In September, Democratic Georgia Sens. Raphael Warnock and Jon Ossoff sent a letter to Homeland Security Secretary Kristi Noem and ICE Acting Director Todd Lyons expressing concern over the 14 deaths in ICE custody this year, including Jesus Molina-Veya, whose June 7 death at Stewart has been reported as a suicide.
The letter sought answers to a series of detailed questions by October 31 about the care Stewart and other ICE detention centers are providing to detainees. Warnock and Ossoff’s offices said they have not received a reply. Ossoff also released an investigation in October called “Medical Neglect and Denial of Adequate Food or Water in U.S. Immigration Detention” that included information gathered at Stewart.
Zeidan, the Emory professor, noted that there’s little information about what happens to ICE detainees once they reach a hospital.

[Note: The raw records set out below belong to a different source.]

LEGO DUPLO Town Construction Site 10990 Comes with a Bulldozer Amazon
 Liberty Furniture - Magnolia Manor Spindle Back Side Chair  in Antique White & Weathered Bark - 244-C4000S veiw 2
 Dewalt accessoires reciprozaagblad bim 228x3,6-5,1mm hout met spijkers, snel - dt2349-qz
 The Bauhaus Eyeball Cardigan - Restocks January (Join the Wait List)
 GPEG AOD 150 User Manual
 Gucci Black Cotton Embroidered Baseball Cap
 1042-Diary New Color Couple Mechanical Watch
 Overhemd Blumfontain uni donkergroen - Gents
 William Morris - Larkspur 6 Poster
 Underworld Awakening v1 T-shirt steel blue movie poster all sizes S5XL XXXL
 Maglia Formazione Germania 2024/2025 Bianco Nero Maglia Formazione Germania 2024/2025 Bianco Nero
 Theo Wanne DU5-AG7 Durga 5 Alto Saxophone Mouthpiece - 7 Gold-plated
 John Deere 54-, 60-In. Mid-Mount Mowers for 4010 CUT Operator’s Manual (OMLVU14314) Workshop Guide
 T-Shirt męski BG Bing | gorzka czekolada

“What happens after detainees are admitted?” Zeidan said. “Are they discharged? Are they getting comprehensive, follow-up care?”
Nwadiuko echoed the concern.
“Are doctors and hospitals using good judgment regarding when going back to a detention facility doesn’t mean ‘a safe discharge’?” he said. “We have an oath: ‘Do no harm.’ That may conflict with an institution’s desire to minimize a detainee’s time outside the gates of the detention center.”
Update: December 15, 2025
This story has been updated to include a statement from CoreCivic received after publication.